Quella di Tobia Ravà è una pittura che si nutre di numerosi stimoli religiosi, filosofici e scientifici. Realizzata con una tecnica quasi divisionista, l’immagine viene composta attraverso sequenze numeriche e alfabetiche, considerate dall’esoterismo giudaico il fondamento spirituale dell’intero universo. Un’antichissima tradizione esegetica del testo biblico è infatti basata sulla convinzione che la lingua ebraica contenga in sé la chiave del Creato. Le lettere di questo alfabeto sacro vengono concepite, sia nella loro forma che nel loro suono, come i semi di tutte le cose.

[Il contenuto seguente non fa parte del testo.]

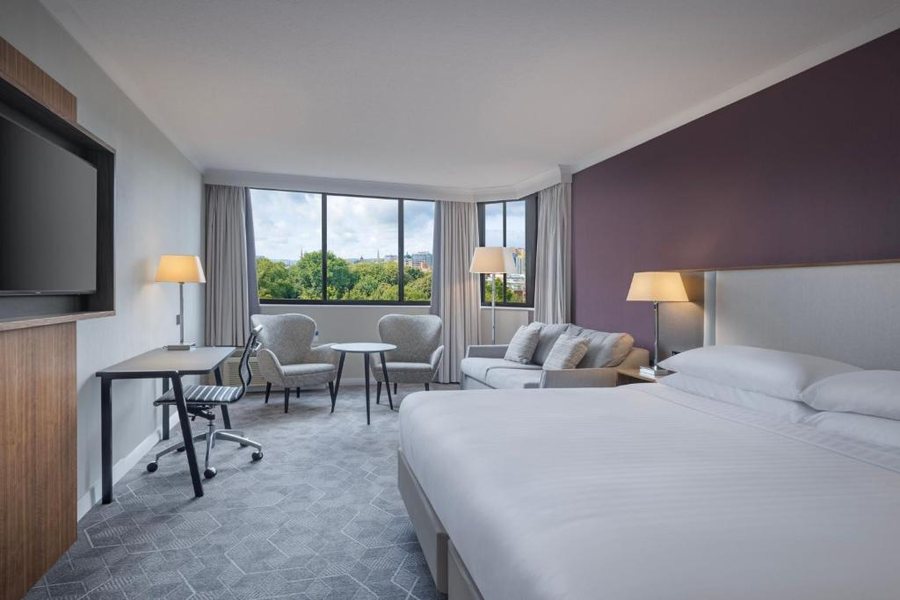 Delta Hotels Bristol — Guest room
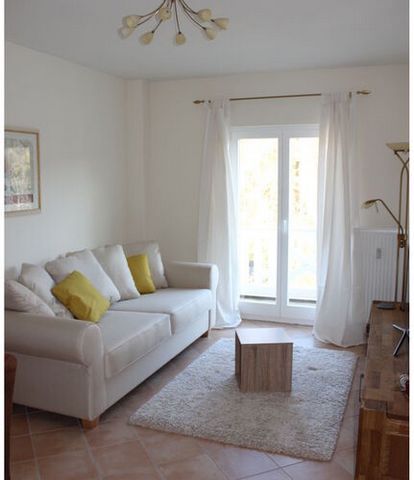 The 3-room holiday apartment is bright, comfortable, exclusive and furnished with great attention to detail. The holiday apartment, in the Villa Laura Cottage complex on the 2nd floor, offers the highest level of comfort for a relaxing holiday. The h...
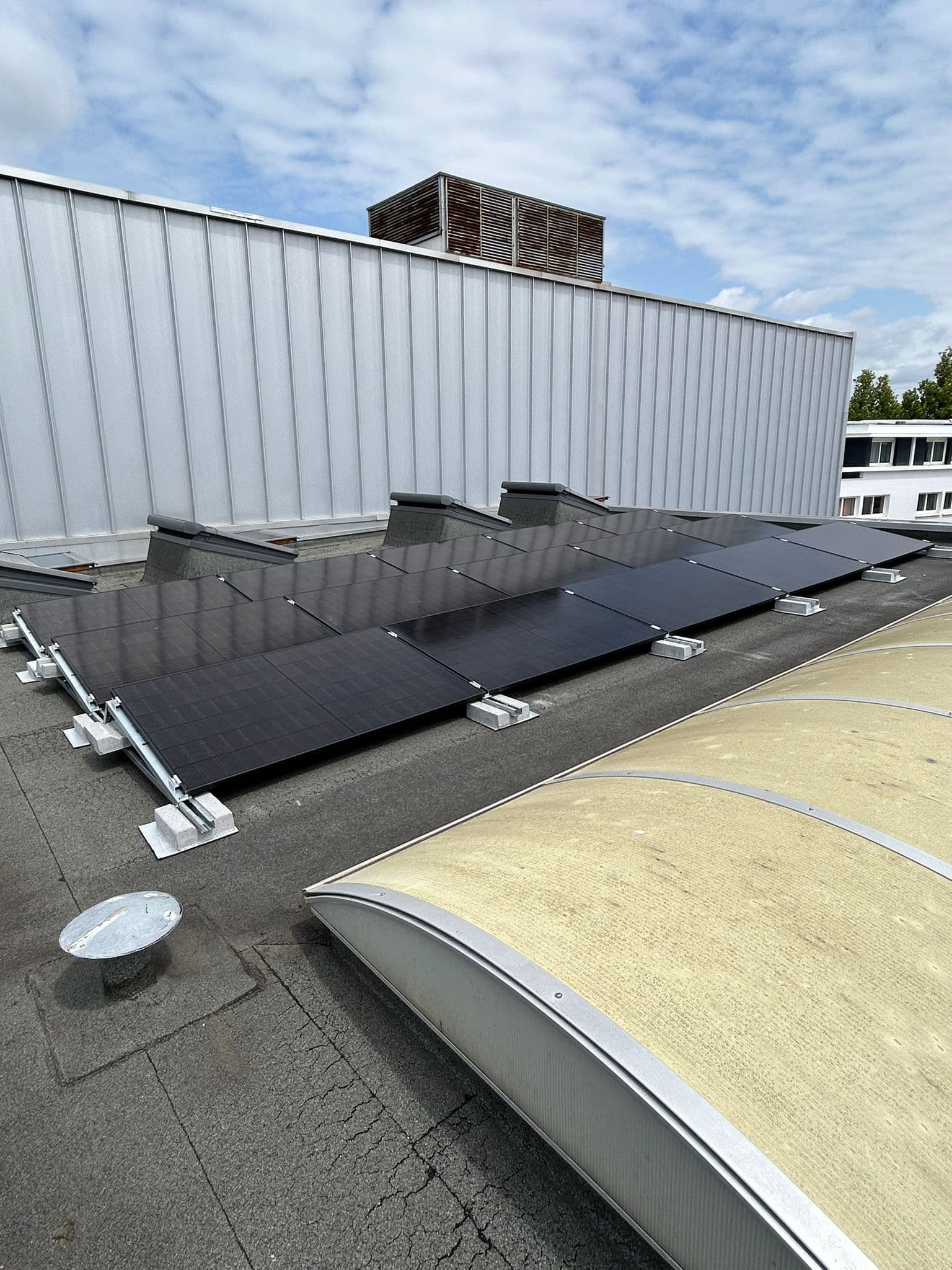 Installation 7.5kWc - La Rochelle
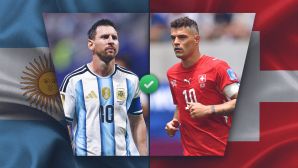 Trực tiếp bóng đá Argentina vs Thụy Sĩ, 8h ngày 12/7 - Link xem trực tiếp World Cup 2026 trên VTV6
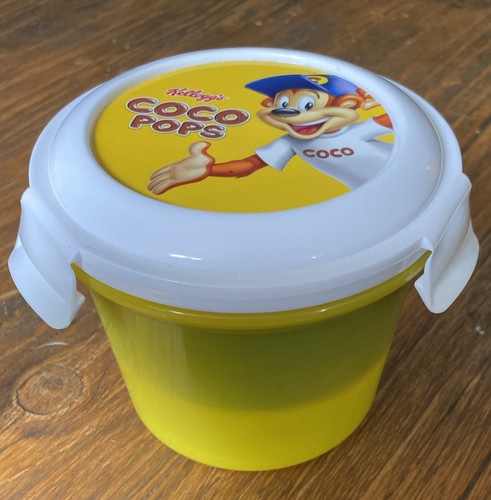 Kelloggs travel coco pops - coco,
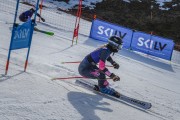 FIS Baltijas kauss 2022 4.posms, FIS paralēlais slaloms, Foto: E.Lukšo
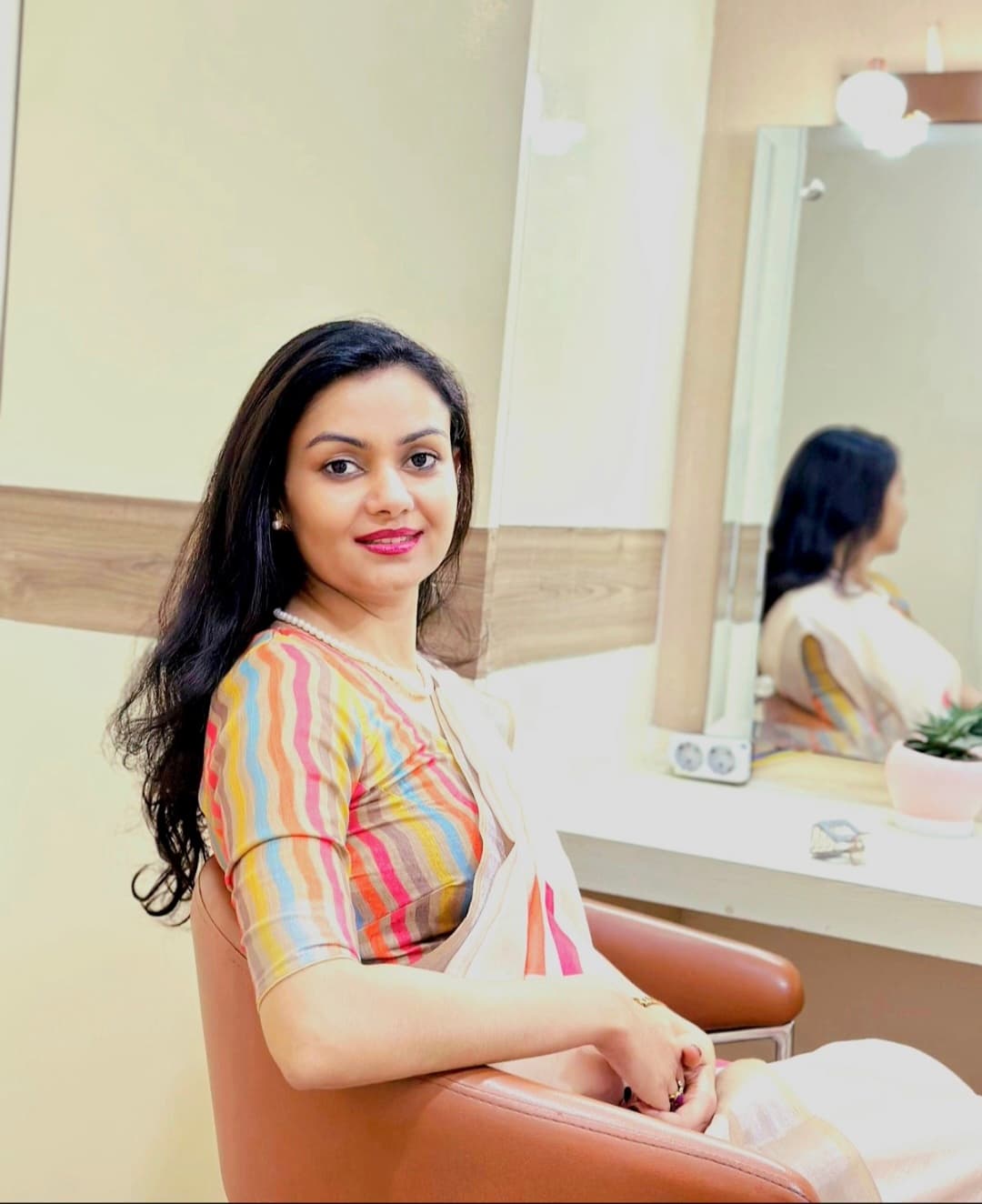 Dr. Bandana Jha — photo by Dr. Bandana Jha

Nelle opere di Ravà, numeri e caratteri ebraici si cristallizzano sulla tavola o sulla tela, disegnando foreste e interni di fabbriche dismesse, templi, calle e campielli di quella Venezia nella quale l’artista vive e lavora. Si tratta di luoghi sempre pervasi da un’atmosfera sospesa, metafisica, per l’irraggiarsi della luce in spazi deserti, totalmente privi della figura umana. Troviamo anche una rappresentazione della Mole Antonelliana, edificio-simbolo torinese che spesso ha accolto sulla sua superficie un’altra serie numerica -realizzata con il neon da Mario Merz– quella del matematico medievale Fibonacci. Un omaggio all’artista recentemente scomparso, ma anche un riferimento a quella che doveva essere l’iniziale destinazione d’uso della Mole: la sinagoga.
In alcuni lavori l’intreccio di numeri e lettere sembra aprire un vortice verso l’infinito, risucchiando lo sguardo dello spettatore attraverso spirali che ricordano le vertiginose costruzioni di Escher.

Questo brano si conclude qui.